[[ DATA EXTRACT open ]]

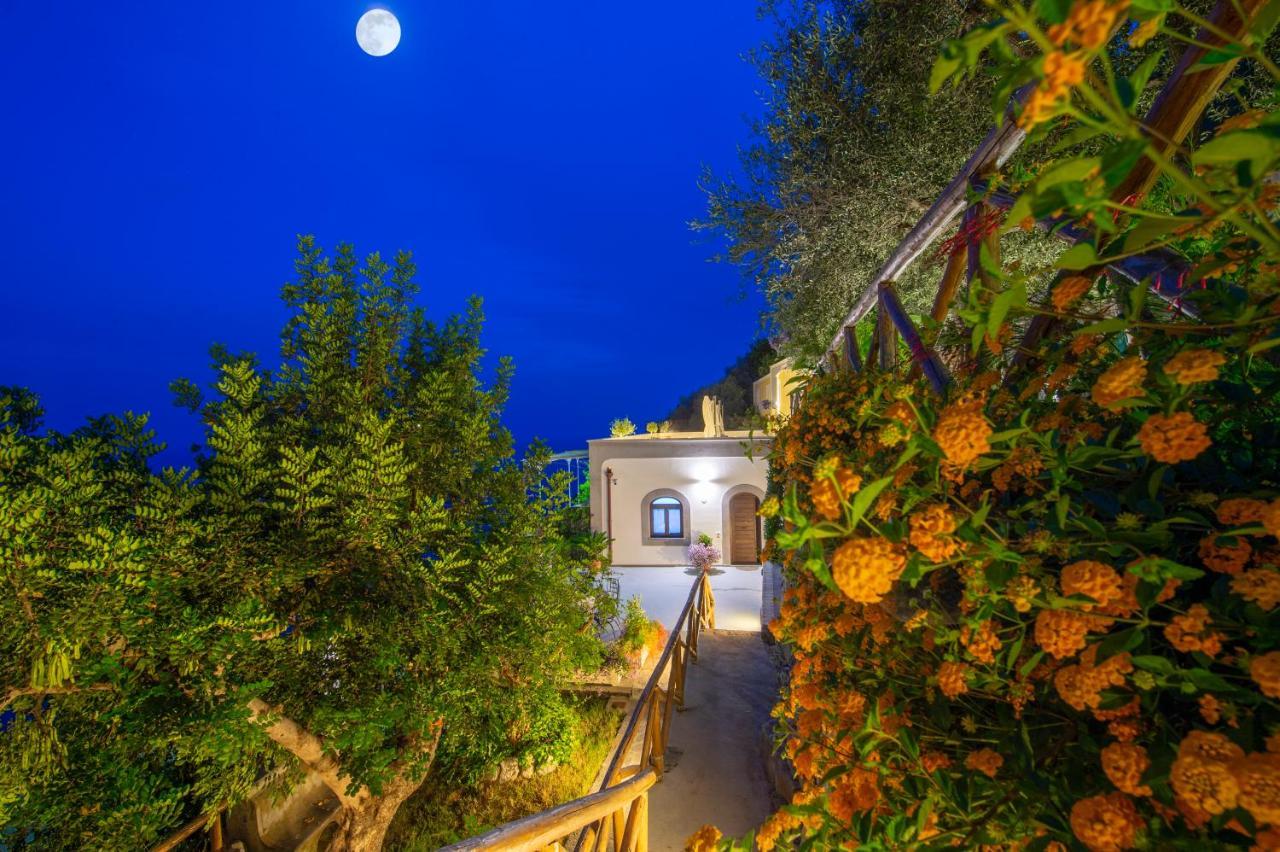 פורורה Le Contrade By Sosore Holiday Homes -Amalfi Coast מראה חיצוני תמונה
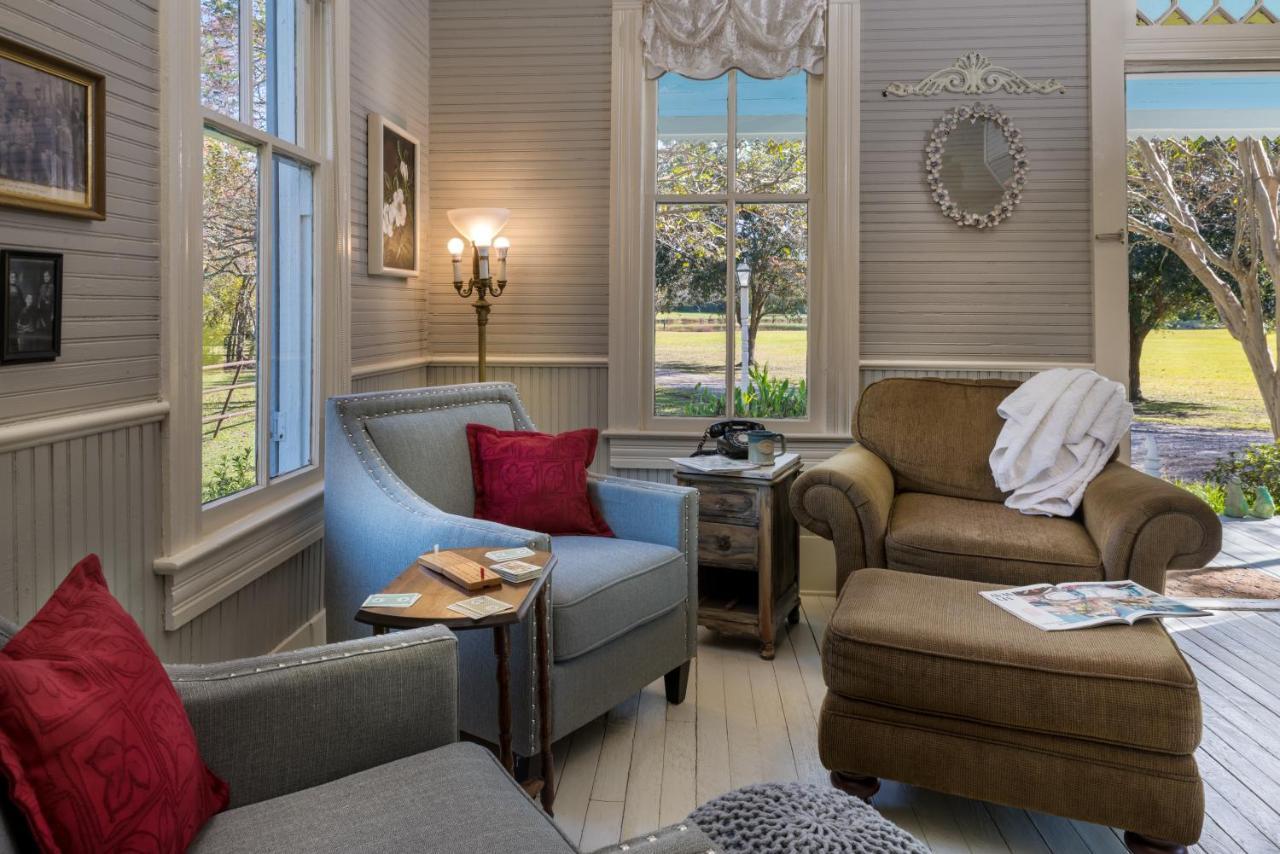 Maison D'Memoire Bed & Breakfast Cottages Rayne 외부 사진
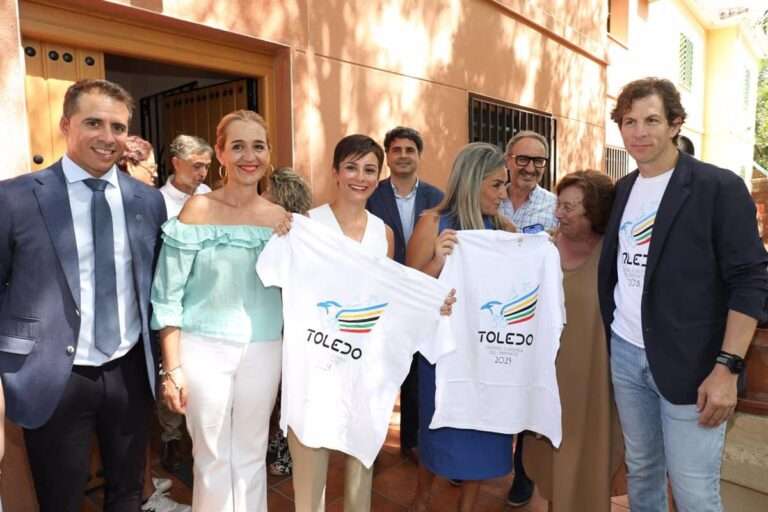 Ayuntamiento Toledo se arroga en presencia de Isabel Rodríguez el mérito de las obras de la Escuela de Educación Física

[[ DATA EXTRACT closed ]]

● EXERCISE BRIEF:
Write out the whole listing above exactly; do not include the pictures.

● RESULT BELOW:
 פורורה Le Contrade By Sosore Holiday Homes -Amalfi Coast מראה חיצוני תמונה
 Maison D'Memoire Bed & Breakfast Cottages Rayne 외부 사진
 Ayuntamiento Toledo se arroga en presencia de Isabel Rodríguez el mérito de las obras de la Escuela de Educación Física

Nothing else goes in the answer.